'''

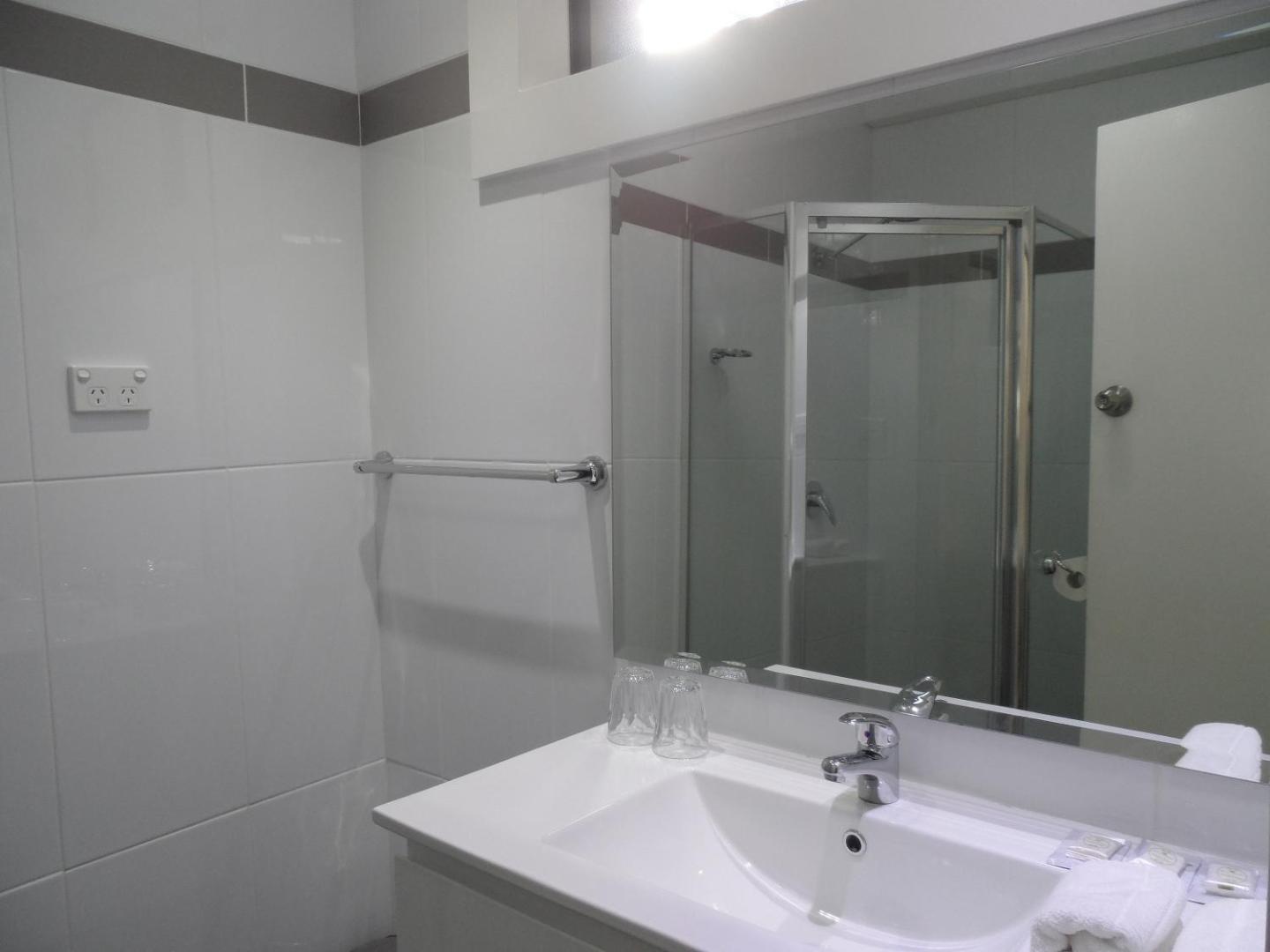 Liberty Plains Motor Inn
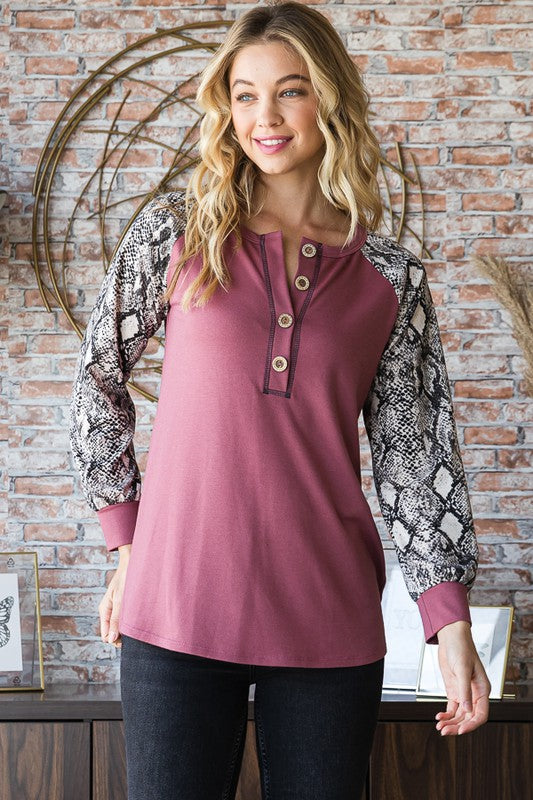 Effortlessly Elegant Top with a Timeless Design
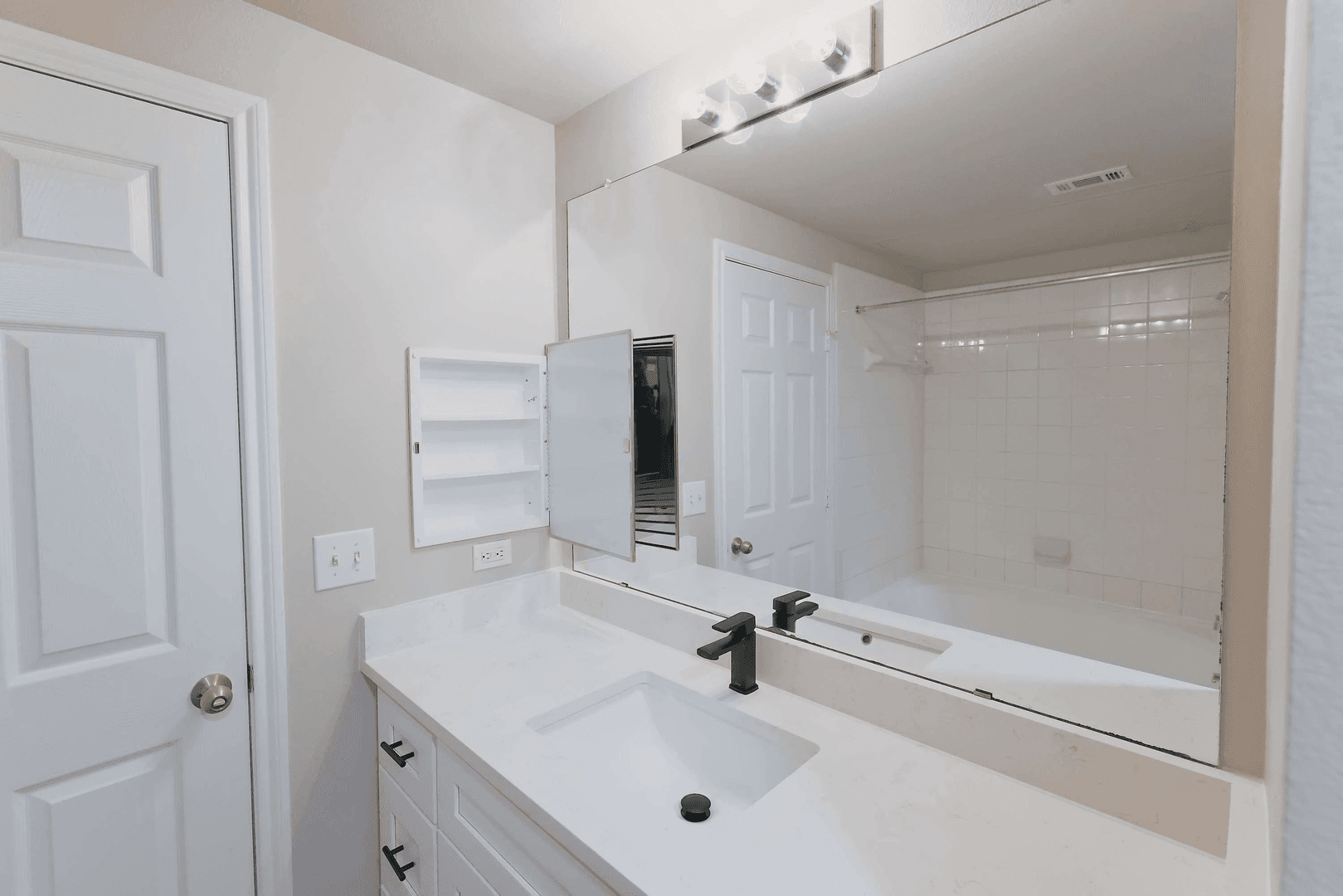 Fort Worth Apartment: 6850 Granbury Road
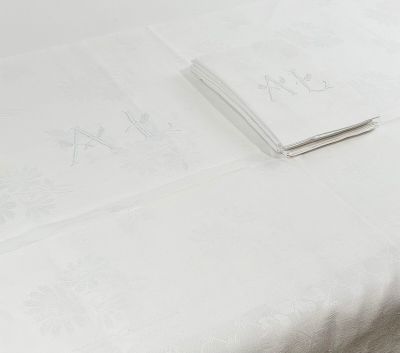 un lit recouvert d'une couette blanche et d'une paire de serviettes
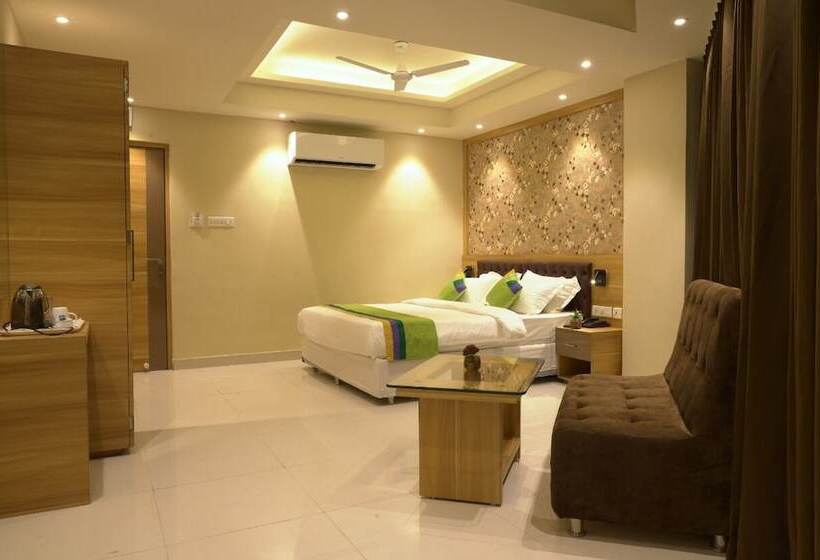 Отель Capital House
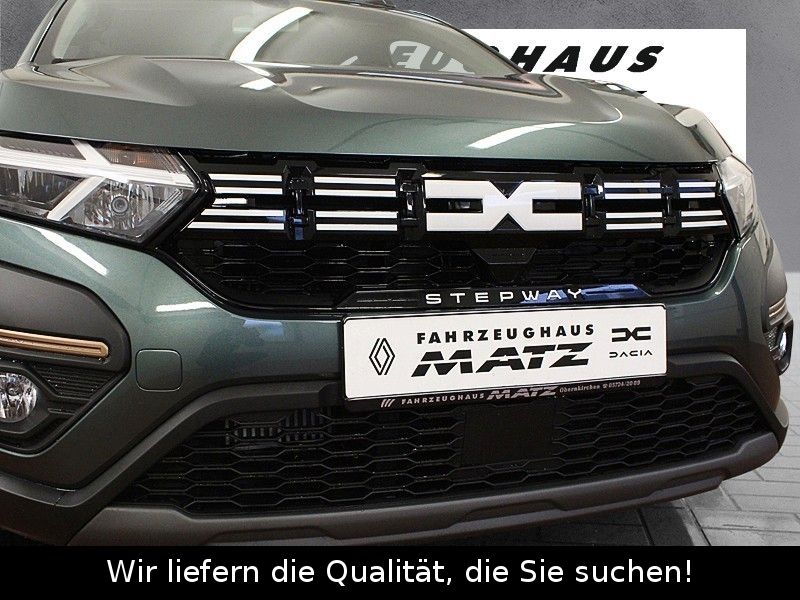 Fahrzeugabbildung Dacia Sandero TCe 110 Stepway Extreme*Media Display*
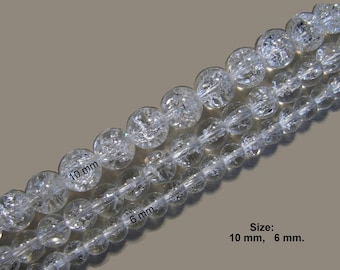 Può includere: Due fili di perline di vetro trasparente con finitura craquelé. Le perline sono rotonde e disponibili in due dimensioni: 10 mm e 6 mm. Dimensione: 10 mm, 6 mm.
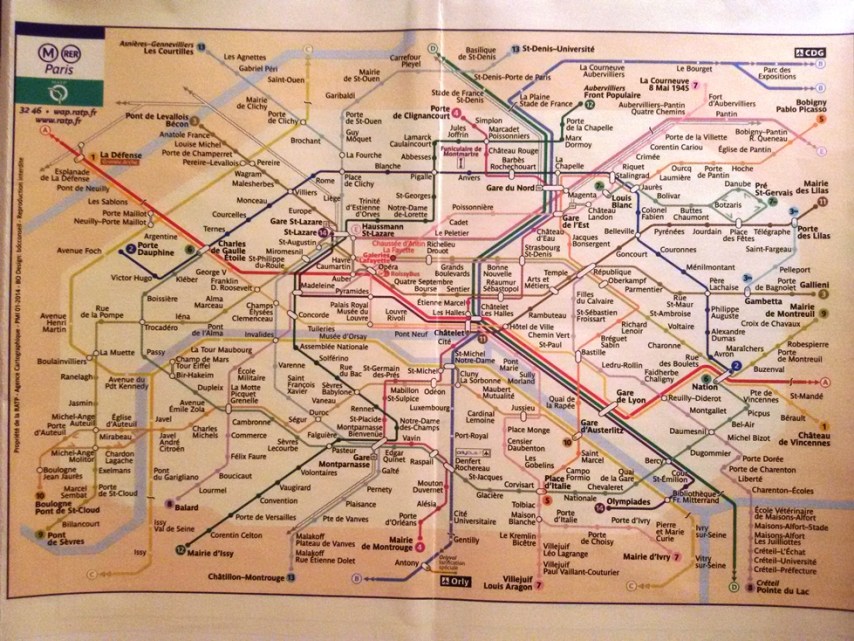 Peta jaringan Metro Paris yang sangat ekstensif. Kamu beneran bisa ke mana aja naik Metro.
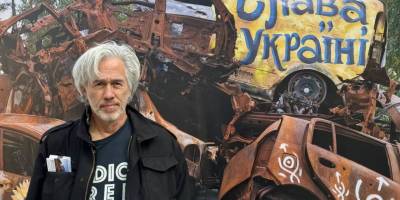На Манхеттені: банери згорілих машин, що так не виїхали з Ірпеня
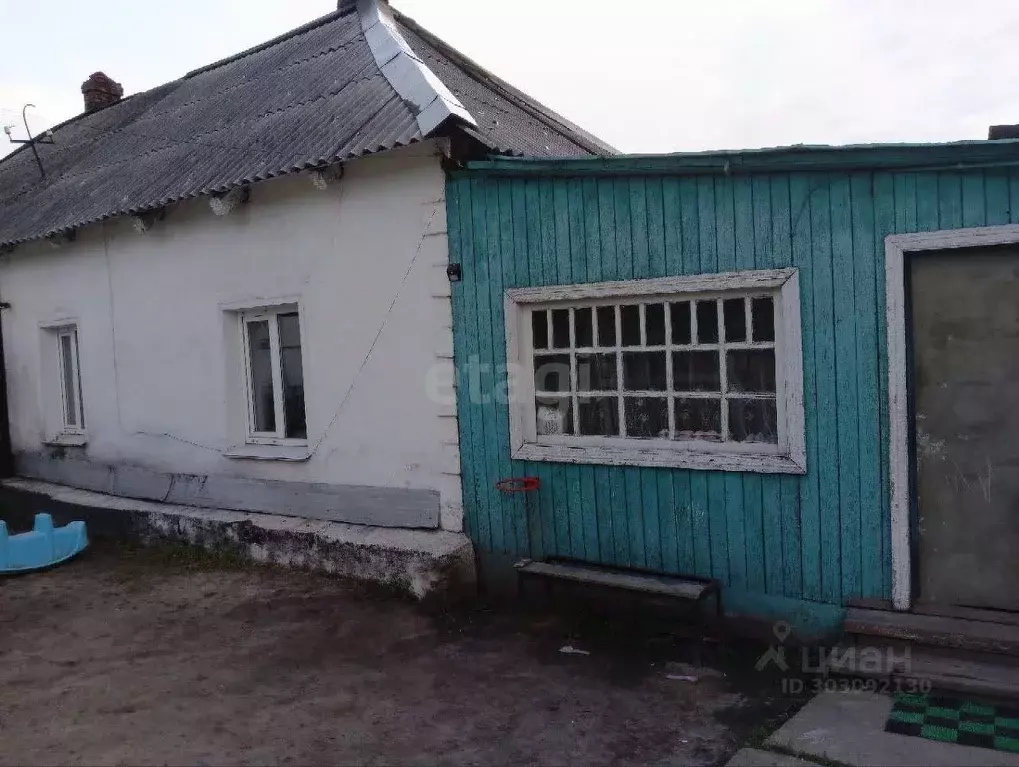 Дом в Кемеровская область, Новокузнецк ул. Герасименко, 40 (36 м) - Фото 1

'''

▶ [Exercise goal]:
Reproduce the data exactly as it appears above. Pictures are to be left out.

▶ [Reply to the exercise]:
 Liberty Plains Motor Inn
 Effortlessly Elegant Top with a Timeless Design
 Fort Worth Apartment: 6850 Granbury Road
 un lit recouvert d'une couette blanche et d'une paire de serviettes
 Отель Capital House
 Fahrzeugabbildung Dacia Sandero TCe 110 Stepway Extreme*Media Display*
 Può includere: Due fili di perline di vetro trasparente con finitura craquelé. Le perline sono rotonde e disponibili in due dimensioni: 10 mm e 6 mm. Dimensione: 10 mm, 6 mm.
 Peta jaringan Metro Paris yang sangat ekstensif. Kamu beneran bisa ke mana aja naik Metro.
На Манхеттені: банери згорілих машин, що так не виїхали з Ірпеня
 Дом в Кемеровская область, Новокузнецк ул. Герасименко, 40 (36 м) - Фото 1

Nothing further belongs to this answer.